RF switches have also been important in radar and communications systems since their early days for transmit pulse control. However pulse widths never had to be decreased much below ˜1 microsecond. So, early radar and SATCOMM systems used vacuum-based or magnetic (ferrite) switches, and these were replaced by solid-state switches in the 1960s and 1970s in the form of PIN diodes. PIN diode switches are not very fast (0.1 microsecond being the best), but have good power handing (>1 W) and low cost. So PIN diodes became the preferred switch technology into the 1990s.
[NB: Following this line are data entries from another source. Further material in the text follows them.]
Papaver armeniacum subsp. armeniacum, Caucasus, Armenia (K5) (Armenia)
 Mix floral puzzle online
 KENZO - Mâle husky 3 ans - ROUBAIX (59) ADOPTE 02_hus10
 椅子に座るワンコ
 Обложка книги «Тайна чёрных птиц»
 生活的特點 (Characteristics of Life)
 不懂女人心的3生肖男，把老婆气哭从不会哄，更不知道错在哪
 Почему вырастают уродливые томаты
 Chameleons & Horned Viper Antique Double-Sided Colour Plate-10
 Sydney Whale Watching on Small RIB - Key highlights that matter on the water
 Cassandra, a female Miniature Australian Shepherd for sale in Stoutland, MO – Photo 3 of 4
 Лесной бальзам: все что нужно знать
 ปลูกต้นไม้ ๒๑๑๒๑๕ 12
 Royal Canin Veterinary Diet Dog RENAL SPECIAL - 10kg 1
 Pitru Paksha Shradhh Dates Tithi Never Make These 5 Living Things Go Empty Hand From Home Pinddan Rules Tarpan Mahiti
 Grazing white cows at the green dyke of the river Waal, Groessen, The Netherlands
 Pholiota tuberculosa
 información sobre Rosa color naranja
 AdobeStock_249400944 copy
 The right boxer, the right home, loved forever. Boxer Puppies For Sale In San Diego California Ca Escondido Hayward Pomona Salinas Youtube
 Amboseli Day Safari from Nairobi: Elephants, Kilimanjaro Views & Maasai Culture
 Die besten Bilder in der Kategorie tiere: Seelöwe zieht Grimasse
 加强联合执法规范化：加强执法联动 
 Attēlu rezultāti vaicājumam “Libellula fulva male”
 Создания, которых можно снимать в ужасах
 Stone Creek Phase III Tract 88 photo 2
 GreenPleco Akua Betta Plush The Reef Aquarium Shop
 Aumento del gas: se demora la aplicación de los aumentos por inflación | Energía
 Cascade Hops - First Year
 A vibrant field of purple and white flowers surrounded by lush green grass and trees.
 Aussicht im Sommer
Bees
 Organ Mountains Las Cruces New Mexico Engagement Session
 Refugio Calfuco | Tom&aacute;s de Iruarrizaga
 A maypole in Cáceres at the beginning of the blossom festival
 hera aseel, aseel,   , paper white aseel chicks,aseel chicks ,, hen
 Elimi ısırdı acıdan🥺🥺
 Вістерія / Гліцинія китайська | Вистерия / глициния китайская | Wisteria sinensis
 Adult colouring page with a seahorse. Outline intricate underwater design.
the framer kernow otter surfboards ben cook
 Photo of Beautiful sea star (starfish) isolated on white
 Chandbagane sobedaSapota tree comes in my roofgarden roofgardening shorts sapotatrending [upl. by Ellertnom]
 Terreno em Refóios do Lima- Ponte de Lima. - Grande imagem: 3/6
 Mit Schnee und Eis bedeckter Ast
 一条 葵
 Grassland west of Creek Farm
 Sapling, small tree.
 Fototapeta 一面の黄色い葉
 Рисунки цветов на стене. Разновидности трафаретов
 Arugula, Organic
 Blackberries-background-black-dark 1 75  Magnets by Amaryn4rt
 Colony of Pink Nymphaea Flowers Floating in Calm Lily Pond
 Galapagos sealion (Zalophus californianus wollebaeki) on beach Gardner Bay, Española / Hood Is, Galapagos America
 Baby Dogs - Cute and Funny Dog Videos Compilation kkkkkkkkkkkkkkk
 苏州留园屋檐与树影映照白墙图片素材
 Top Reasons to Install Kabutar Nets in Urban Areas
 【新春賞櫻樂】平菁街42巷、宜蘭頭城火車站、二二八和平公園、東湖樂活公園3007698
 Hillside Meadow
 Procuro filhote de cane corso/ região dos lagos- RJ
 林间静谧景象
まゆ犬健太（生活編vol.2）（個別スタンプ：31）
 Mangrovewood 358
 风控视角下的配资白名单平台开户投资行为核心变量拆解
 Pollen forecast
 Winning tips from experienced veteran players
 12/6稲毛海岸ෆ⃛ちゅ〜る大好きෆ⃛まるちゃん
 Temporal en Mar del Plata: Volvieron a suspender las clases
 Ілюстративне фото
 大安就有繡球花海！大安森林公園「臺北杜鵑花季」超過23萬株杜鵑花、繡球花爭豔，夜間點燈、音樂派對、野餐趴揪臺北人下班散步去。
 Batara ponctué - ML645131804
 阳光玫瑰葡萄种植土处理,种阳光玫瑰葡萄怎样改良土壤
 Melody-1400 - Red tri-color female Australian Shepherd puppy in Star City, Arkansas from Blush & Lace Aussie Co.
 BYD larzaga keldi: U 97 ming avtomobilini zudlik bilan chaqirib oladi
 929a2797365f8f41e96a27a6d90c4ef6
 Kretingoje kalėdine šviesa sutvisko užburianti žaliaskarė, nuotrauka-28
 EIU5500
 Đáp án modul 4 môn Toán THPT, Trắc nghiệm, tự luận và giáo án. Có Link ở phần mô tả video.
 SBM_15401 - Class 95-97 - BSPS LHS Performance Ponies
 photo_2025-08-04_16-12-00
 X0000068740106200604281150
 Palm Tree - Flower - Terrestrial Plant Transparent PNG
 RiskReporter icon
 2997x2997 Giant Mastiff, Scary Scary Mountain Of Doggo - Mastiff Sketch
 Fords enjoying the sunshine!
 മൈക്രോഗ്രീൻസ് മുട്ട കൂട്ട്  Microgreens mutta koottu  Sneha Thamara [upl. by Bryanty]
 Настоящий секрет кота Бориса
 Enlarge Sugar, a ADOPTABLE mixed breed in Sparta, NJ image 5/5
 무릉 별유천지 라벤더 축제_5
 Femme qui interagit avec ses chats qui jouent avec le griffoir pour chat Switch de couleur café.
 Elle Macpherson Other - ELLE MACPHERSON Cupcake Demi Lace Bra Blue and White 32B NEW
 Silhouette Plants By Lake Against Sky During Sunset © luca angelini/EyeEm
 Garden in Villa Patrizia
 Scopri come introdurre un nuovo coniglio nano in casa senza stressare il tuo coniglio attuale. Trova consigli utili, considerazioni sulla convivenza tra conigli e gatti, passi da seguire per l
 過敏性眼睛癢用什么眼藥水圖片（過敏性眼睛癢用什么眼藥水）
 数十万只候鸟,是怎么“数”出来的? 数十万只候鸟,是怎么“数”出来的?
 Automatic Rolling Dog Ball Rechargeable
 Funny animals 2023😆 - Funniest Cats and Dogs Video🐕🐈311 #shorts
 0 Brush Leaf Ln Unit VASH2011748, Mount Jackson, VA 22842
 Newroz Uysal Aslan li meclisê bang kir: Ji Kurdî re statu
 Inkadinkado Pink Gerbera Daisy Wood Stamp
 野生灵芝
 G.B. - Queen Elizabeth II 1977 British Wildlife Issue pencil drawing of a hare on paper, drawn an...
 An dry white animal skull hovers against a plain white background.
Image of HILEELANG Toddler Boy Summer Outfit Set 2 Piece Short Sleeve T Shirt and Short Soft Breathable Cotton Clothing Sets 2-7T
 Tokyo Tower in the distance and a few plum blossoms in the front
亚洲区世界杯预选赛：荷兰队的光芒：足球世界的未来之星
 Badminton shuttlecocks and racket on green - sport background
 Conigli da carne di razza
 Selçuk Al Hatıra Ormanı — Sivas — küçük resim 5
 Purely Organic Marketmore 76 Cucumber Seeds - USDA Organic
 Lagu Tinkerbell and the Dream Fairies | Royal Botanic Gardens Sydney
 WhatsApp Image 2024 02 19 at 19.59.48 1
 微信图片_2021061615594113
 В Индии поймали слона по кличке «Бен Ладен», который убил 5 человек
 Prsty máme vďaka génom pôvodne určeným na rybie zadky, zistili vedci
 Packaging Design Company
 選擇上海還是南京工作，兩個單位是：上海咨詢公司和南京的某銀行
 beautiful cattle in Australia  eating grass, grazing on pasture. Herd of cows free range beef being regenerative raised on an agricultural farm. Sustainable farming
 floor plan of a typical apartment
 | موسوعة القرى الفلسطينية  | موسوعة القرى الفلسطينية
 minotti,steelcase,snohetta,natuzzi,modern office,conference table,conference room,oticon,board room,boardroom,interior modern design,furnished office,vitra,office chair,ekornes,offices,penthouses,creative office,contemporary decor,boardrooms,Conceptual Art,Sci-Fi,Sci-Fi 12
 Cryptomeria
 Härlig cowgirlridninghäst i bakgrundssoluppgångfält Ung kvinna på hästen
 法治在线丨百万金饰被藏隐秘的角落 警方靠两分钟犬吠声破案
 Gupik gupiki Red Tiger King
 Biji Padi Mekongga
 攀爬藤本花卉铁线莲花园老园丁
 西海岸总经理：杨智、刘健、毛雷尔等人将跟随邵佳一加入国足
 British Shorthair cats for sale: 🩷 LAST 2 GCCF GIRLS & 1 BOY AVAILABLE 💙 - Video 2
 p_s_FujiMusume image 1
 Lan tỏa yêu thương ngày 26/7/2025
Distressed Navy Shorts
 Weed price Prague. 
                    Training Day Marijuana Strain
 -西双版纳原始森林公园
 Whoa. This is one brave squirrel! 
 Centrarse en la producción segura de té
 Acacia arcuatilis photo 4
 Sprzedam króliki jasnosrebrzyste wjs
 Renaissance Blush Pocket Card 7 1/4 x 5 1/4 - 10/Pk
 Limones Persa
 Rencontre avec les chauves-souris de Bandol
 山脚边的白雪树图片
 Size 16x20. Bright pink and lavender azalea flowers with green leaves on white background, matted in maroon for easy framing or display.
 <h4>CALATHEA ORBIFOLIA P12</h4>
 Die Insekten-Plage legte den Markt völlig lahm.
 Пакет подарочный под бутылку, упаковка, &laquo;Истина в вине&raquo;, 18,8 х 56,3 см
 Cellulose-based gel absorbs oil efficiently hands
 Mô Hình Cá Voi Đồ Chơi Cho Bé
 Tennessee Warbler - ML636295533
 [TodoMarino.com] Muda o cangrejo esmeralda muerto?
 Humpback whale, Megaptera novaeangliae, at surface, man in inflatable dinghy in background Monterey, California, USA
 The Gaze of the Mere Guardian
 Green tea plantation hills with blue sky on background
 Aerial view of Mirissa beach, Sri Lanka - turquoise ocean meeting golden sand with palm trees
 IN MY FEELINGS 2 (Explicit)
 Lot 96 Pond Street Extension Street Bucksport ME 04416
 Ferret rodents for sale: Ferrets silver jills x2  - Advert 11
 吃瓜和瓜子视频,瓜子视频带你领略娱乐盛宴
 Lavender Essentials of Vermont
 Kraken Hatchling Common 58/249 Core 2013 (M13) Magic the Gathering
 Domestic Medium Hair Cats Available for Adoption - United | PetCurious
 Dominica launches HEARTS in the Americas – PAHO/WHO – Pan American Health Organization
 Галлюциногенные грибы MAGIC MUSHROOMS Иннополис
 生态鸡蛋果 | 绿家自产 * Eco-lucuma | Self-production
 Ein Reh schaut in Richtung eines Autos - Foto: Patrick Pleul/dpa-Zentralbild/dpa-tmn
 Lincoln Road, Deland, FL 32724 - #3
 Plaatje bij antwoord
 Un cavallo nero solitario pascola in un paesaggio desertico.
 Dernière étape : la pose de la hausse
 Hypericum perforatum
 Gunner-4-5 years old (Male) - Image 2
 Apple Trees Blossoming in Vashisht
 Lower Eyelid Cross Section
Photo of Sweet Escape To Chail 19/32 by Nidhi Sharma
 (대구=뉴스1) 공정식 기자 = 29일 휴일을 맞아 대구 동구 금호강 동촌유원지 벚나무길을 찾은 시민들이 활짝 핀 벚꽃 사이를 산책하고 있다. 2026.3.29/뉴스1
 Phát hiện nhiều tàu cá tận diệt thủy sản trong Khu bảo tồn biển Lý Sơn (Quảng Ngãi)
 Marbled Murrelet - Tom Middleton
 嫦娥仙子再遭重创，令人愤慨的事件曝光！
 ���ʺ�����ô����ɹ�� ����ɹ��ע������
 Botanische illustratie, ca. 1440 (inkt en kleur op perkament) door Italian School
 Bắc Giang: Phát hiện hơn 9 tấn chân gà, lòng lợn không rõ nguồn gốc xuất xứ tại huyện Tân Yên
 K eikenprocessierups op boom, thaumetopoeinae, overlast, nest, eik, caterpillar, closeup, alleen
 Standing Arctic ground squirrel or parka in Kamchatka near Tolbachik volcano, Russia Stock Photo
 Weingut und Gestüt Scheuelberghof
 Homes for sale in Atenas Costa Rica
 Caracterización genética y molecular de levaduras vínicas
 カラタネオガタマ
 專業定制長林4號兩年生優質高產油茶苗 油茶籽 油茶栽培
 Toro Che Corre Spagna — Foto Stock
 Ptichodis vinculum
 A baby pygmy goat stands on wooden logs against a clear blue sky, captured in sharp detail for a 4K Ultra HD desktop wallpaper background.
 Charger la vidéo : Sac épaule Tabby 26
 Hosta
Then along came switches based on field-effect transistors, especially pseudomorphic high-electron mobility transistors (pHEMTs). pHEMTs offered very low insertion loss and lower activation voltage than PIN diodes, but also ease of integration and low cost. pHEMT switches became available as MMICs, similar to those utilized in SSPAs, and were quickly integrated with power transistors to form transmit-receive (T/R) module chips. The T/R MMICs incorporated switching power amplification, low-noise amplification and other RF functionality, so became the mainstay for solid-state tactical radar at X-band and beyond.